I want to narrate how I caused myself unnecessary suffering, and suggest the methods that helped me recognize, if not transcend, this damaging relationship. I relate it not because I have found “The Answer,” or because I believe reflexivity is the cure-all for any grad-student woe (I don’t). I relate it because successful political action, as well as scholarship, depends on us recognizing and questioning our biases.
My initial interests in urban history were framed by my unacknowledged privileges on the one hand and my conscious feelings of social alienation on the other. In high school my parents, wary of sending me to the “underperforming” high schools in my urban hometown of Hoboken, sent me to a private one in the suburbs. I soon associated the suburbs with my adolescent loneliness and introversion, in contrast to the freedom I felt in Hoboken and especially in nearby New York City. After taking a few college-level history courses, I layered a historical-political theory on top of this social interpretation: suburbs equaled postwar conservatism, cities with New Deal liberalism.

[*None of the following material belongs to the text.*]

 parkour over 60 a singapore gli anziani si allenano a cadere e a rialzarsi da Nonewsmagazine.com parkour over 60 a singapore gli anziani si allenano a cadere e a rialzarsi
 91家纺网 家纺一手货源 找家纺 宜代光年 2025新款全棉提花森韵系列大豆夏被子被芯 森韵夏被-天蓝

Why would each locality create such different politics? My rather simplistic answer at the time cited public space as the chief variable – where groups could mingle (cities) there was a chance of tolerance and progressive collective action, and where they couldn’t (suburbs) people only cared for themselves. This is in many ways a naïve vision, with a blindness to both the subtle and overt displays of power common within liberal political analysis. But I was also a person who would start to cry (and I still do) in relief and joy whenever I felt that someone was not judging me or trying to hurt me. I needed to believe, for my own sake, that encounter could equal acceptance – even as I entered almost every social encounter with inherited anxieties and fears. I enrolled in graduate school with this kind of fragile self-image lurking behind my scholarly agenda of examining how the public spaces of cities affected inter-group relations.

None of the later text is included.